The next 45 minutes of film is devoted to the bitter mind games these two play with one another. Bella clumsily tries to stay in his company without ever actually asking him out or having a conversation with him. He pushes her away, and treats her poorly. Much has been said by critics of The Twilight Saga about how the relationship between Edward and Bella is based on manipulation and subtle cruelty. I can kind of see that, although (to offer a defense) one could just as easily chalk up the kids’ mean-spirited behavior to usual adolescent awkwardness. Sadly, these kids don’t feel like they’re really in love, or even that they’re attracted to one another. We just get a vague sense that they are star-crossed lovers. Remember the kids from Cameron Crowe’s Say Anything (which is in the running for one of the best film romances of all time)? Those kids talked like real kids and had real concerns. When they said they were in love, I believed it. Bella and Edward are yawn-inducing in their blankness.

Why has Edward been emotionally stiff-arming Bella? It turns out that he is actually a vampire. Yup, a real-life blood-drinking immortal. If you didn't know this was coming, Edward's "coming out" scene might kind of blindside you. He explains everything to Bella, and she seems kind of unsurprised that he is an evil creature of the night. The vampire rules in this universe are as follows: Vampires don’t sleep. Vampires are super-strong and super-fast. Vampires can only die if you rip them to pieces and then set them on fire. Vampires can live on animal blood (as Edward does), and those that do are called "vegetarians." There are different vampire “clans” who operate 'round the country. Vampires can live in sunlight, and it doesn’t kill them, but they do avoid it. Edward lives in the Pacific Northwest because of the constant cloud cover. If a vampire is seen in direct sunlight, their skin sparkles like diamonds. That’s right: Edward is so damned good looking that he sparkles in the sun. We’ve come a long way from the pestilential rat monster from Nosferatu. Edward was born in 1918, but he’s eternally 17 years old. Why does he still go to high school, repeating the same classes over and over for years on end? That is never explained.

Edward also explains – and this is a vital element of this series – that if he were to get into a bout of honest-to-goodness heavy petting with Bella, he’d get too horny, and when he gets too horny, he tends to get bitey. He doesn’t want to turn Bella into a vampire. Much has been made of this element and the fact that Bella and Edward don’t seem to have any powerful erotic heat between them. Their relationship, indeed, seems perfectly chaste.

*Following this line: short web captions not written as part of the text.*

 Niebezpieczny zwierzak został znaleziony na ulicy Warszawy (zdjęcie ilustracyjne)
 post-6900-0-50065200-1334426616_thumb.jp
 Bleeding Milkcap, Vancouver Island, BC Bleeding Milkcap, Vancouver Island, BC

Aside from a brief moment wherein Bella makes out with Edward while in her panties, there is no sexuality at all. That he doesn’t want to bite her and make her a vampire has easily been read as a metaphor for teen chastity. And while I believe that people should wait until they’re ready to have sex (be they 14 or 35), this film series tends to over-romanticize the notion of tortured self-denial, focusing instead on the general death-laced romantic ennui that teenagers should perhaps not be allowed to indulge. The whole notion of “We must be together! Forever! But we can’t! O my love! We can’t!” This is romance from the id of Byron.

And while this whole movie may be a vague chastity metaphor, I got the impression that both Bella and Edward had been sexually active in the past. Like they’re not just horny, but they know what sex is. These kids are not virgins. Maybe that will be made more explicit in future installments.

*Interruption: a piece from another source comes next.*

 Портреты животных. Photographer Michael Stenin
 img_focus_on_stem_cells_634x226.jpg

What else? Oh yes, Edward’s clan, The Cullens, all live in a nice mansion together, and are led by Dr. Carlisle Cullen (Peter Facinelli). It’s also explained that vampires all have psychic powers of one stripe or another, and that Edward can read minds. One reason he likes Bella is that he just can’t read her mind. The easy joke is just lying there, so I’ll trot it out: it’s because there’s nothing to read, Edward! Yuk yuk. Moving on. The hungry Jasper Cullen (Jackson Rathbone) can manipulate your emotions, although little is done with this detail. The spunky Alice Cullen (Ashley Greene, the only one with any sort of personality) can read the future. The Cullens regularly get together to play hypercharged games of baseball during thunderstorms (so as to disguise the cracks of the bats as cracks of thunder; this is pretty stupid).

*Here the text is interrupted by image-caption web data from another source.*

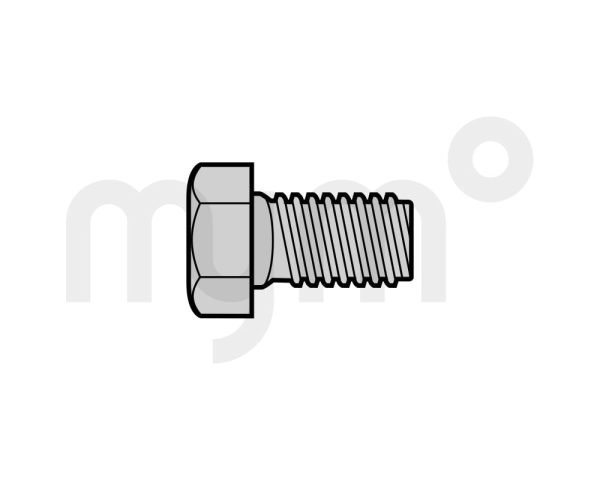 Tornillo hexagonal con extremo biselado de Hörmann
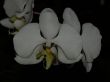 Phal. amabilis.jpg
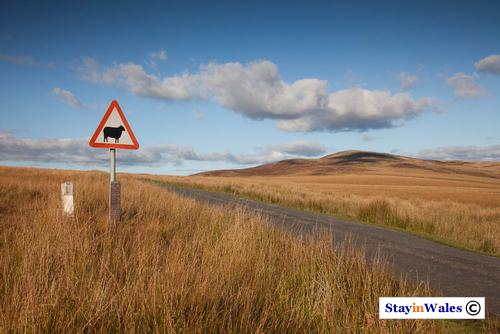 Tair Carn Isaf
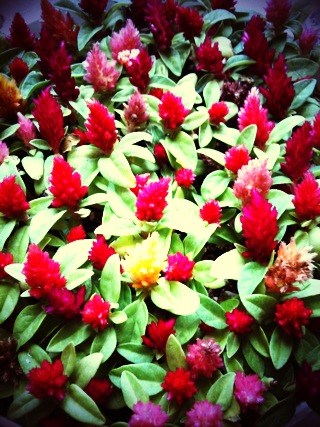 f:id:modestplan:20110127125626j:image
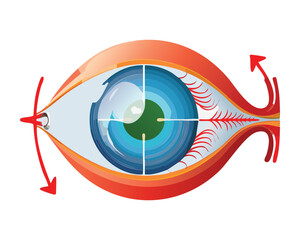 Fototapeta premium Eye with Crosshairs Indicating Vision Measurement Focus
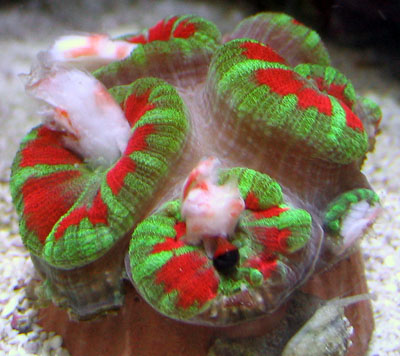 acan_feeding_small.jpg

There is an evil tribe of vampires also lurking around the area, led by the wicked flame-haired Victoria (Rachael Lefevre). The evil vampires eat people, and want to eat Bella in particular. They hate the Cullens. The plot only picks up in the film’s final 20 minutes or so as Victoria’s boyfriend kidnaps Bella’s dad (maybe) and there’s a confrontation in a dance studio. It’s explained to Bella that she is particularly delicious to vampires, and all the local creatures think she is mouthwatering. She was just born tasty. Eventually Edward rides to the rescue, and the Cullen clan kill Victoria’s boyfriend (in the background). Bella is bitten in the process, but Edward sucks out “the venom” that would make her a vampire. He gets to taste her tasty blood.

In an epilogue, Bella pleas to be transformed, but Edward denies her. There’s that chastity metaphor again. But now they’re a couple.

Will their romance survive? Let’s take a look at…


The Twilight Saga: New Moon (dir. Chris Weitz, 2009)

Notable lines:

Bella on Shakespeare: “Romeo & Juliet is stupid.”

Edward on relationships: “You’re the reason to stay alive, if that’s what I am. It’s my job to protect you.”

Edward, giving advice to Bella: “Lie!”

When she lies: “Lie better!”

Jake on being a werewolf: “It’s not a lifestyle choice, Bella!”

Bella on Jacob: “It’s not a werewolf thing, it’s a Jacob thing. You’re your own sun.”

Alice on Bella: “I have never met anyone so prone to life-threatening idiocy.”

Here's a fun story: The premiere for New Moon took place in Westwood, CA. Being a longtime movie theater employee, I was asked to work in one of the two theaters setup specifically to handle overflow from the actual premiere. The entire Westwood village was stuffed with eager and frothing Twi-Hards, all eager to find a seat, all hoping that there would actually be space for them. The fans were so eager to get in, some were waving around fistfuls of cash, some were offering plane tickets (someone offered me a free trip to Hawaii), and the sound guy who worked at my particular theater was actually openly and earnestly offered specific sexual favors in exchange for a seat. I wan't able to ply from him which sexual acts were promised, but it did make us giggle. Twilight, a central symbol of tortured teen chastity, was reducing its fans to crass acts of hurried prostitution. But I digress.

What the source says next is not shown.